# creating a logisitc regression to predict absenteeism

In [None]:
import pandas as pd
import numpy as np 

In [None]:
data_preprocessed=pd.read_csv("Absenteeism_preprocessed.csv")

In [None]:
data_preprocessed.head()

# create the targets

In [None]:
data_preprocessed['Absenteeism Time in Hours'].median()

In [None]:
# np.where(condition,value if True, value if False) 
targets=np.where(data_preprocessed['Absenteeism Time in Hours'] > data_preprocessed['Absenteeism Time in Hours'].median() ,1,0)
targets

In [None]:
data_preprocessed['Excessive Absenteeism']=targets
data_preprocessed.head()

In [None]:
#divide the no of targets by 1 to the total no of targets
# no of targets by 1 =targets.sum()
# total no of targets = targets.shape[0]
targets.sum()/targets.shape[0]

In [None]:
data_with_targets=data_preprocessed.drop(['Absenteeism Time in Hours','Day of the week','Daily Work Load Average','Distance to Work'],axis=1)

In [None]:
# reserved word is --> returns either True or False
data_with_targets is data_preprocessed

In [None]:
data_with_targets.head()
#data_with_targets is our checkpoint

# select the inputs for the regression 

In [None]:
data_with_targets.shape

In [None]:
data_with_targets.iloc[:,:14]   # or data_with_targets.iloc[:,0:14] (same)

In [None]:
data_with_targets.iloc[:,:-1]

In [None]:
unscaled_inputs=data_with_targets.iloc[:,:-1]

# Standarize the data 


In [None]:
# our custom scaler will not standardize the inputs, but only the ones we choose, so dummies wont be touched
# custom scaler code is based on standard scaler
from sklearn.base import BaseEstimator,TransformerMixin
from sklearn.preprocessing import StandardScaler
class CustomScaler(BaseEstimator,TransformerMixin):
    def __init__(self,columns):
        self.scaler=StandardScaler()
        self.columns=columns
      

    def fit(self,X,y=None):
        self.scaler.fit(X[self.columns],y)
        self.mean_=np.mean(X[self.columns])
        self.var_=np.var(X[self.columns])
        return self
    
    def transform(self,X,y=None,copy=None):
        init_col_order=X.columns
        X_scaled=pd.DataFrame(self.scaler.transform(X[self.columns]),columns=self.columns)
        X_not_scaled=X.loc[:,~X.columns.isin(self.columns)]
        return pd.concat([X_not_scaled,X_scaled],axis=1)[init_col_order]

In [None]:
unscaled_inputs.columns.values

In [None]:
columns_to_omit=['Reason_1', 'Reason_2', 'Reason_3', 'Reason_4','Education']
columns_to_scale=[x for x in unscaled_inputs.columns.values if x not in columns_to_omit]

In [None]:
absenteeism_scaler=CustomScaler(columns_to_scale)

In [None]:
absenteeism_scaler.fit(unscaled_inputs) 

In [None]:
scaled_inputs=absenteeism_scaler.transform(unscaled_inputs)
scaled_inputs

In [None]:
scaled_inputs.shape

# Split the data into train & test and suffle

# Import the relevant module

In [None]:
from sklearn.model_selection import train_test_split

# split

In [None]:
X_train,X_test,y_train,y_test=train_test_split(scaled_inputs,targets,train_size=0.8,random_state=20)

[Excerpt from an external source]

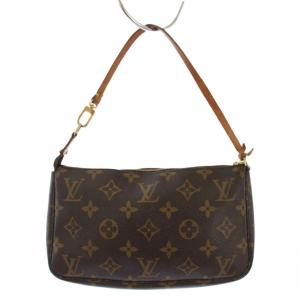 LOUIS VUITTON ポシェット アクセソワール モノグラム アクセサリーポーチ M51980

# logisitic regression with sklearn

In [None]:
from sklearn.linear_model import LogisticRegression 
from sklearn import metrics

# training the model

In [None]:
reg=LogisticRegression()

In [None]:
#sklearn.linear_model.LogisticRegression.fit(x,y)
#fits the model according to the given training data
reg.fit(X_train,y_train) #does all the ML 

In [None]:
#sklearn.linear_model.LogisticRegression.score(input,targets)
#returns the mean accuracy on the given test data and labels
reg.score(X_train,y_train)

# manually check the accuracy

In [None]:
#sklearn.linear_model.LogisticRegression.predict(inputs)
#predicts class labels(logistic Regression outputs) for given input samples
model_outputs=reg.predict(X_train)
model_outputs

In [None]:
model_outputs==y_train   #compares predicted output to the actual output

In [None]:
np.sum((model_outputs==y_train)) #total number of correct predictions (True entries)

In [None]:
# acccuracy =correct predications/total no of observations
model_outputs.shape[0]   #gives total no of observations

In [None]:
#accuracy
np.sum((model_outputs==y_train))/model_outputs.shape[0]  #same result as sklearn.score

# Finding the intercepts and coefficients

In [None]:
reg.intercept_

In [None]:
reg.coef_

In [None]:
feature_name=unscaled_inputs.columns.values
feature_name

In [None]:
summary_table=pd.DataFrame(columns=['Feature Name'],data=feature_name)
summary_table['Coefficients']=np.transpose(reg.coef_) 
summary_table

In [None]:
#to add intercept to the summary table
summary_table.index=summary_table.index+1  #increment index to put intercept at 0th location
summary_table.loc[0]=['Intercept',reg.intercept_[0]]
summary_table=summary_table.sort_index()
summary_table

# interpreting the cofficients

In [None]:

summary_table['Odd_Ratio']=np.exp(summary_table['Coefficients'])
summary_table

In [None]:
#DataFrame.sort_values(Series,ascending) 
#sorts the values in a data frame with respect to a given column(series)
summary_table.sort_values('Odd_Ratio',ascending=False)

# Testing the Model

In [None]:
reg.score(X_test,y_test)

In [None]:
#sklearn.linear_model.LogisticRegression.predict_proba(x)
#returns the probability estimates for all possible outputs (classes)
predicated_proba=reg.predict_proba(X_test)
predicated_proba

In [None]:
predicated_proba.shape

In [None]:
# we want probability of execessive absenteeism that is probability of being 1 ie second column
predicated_proba[:,1]

# Save the model

In [None]:
#pickle [module] is a Python module used to convert a Python object into a character stream
import pickle

In [None]:
with open('model','wb') as file:   
    pickle.dump(reg,file)          

In [None]:
with open('scaler','wb') as file:
    pickle.dump(absenteeism_scaler,file)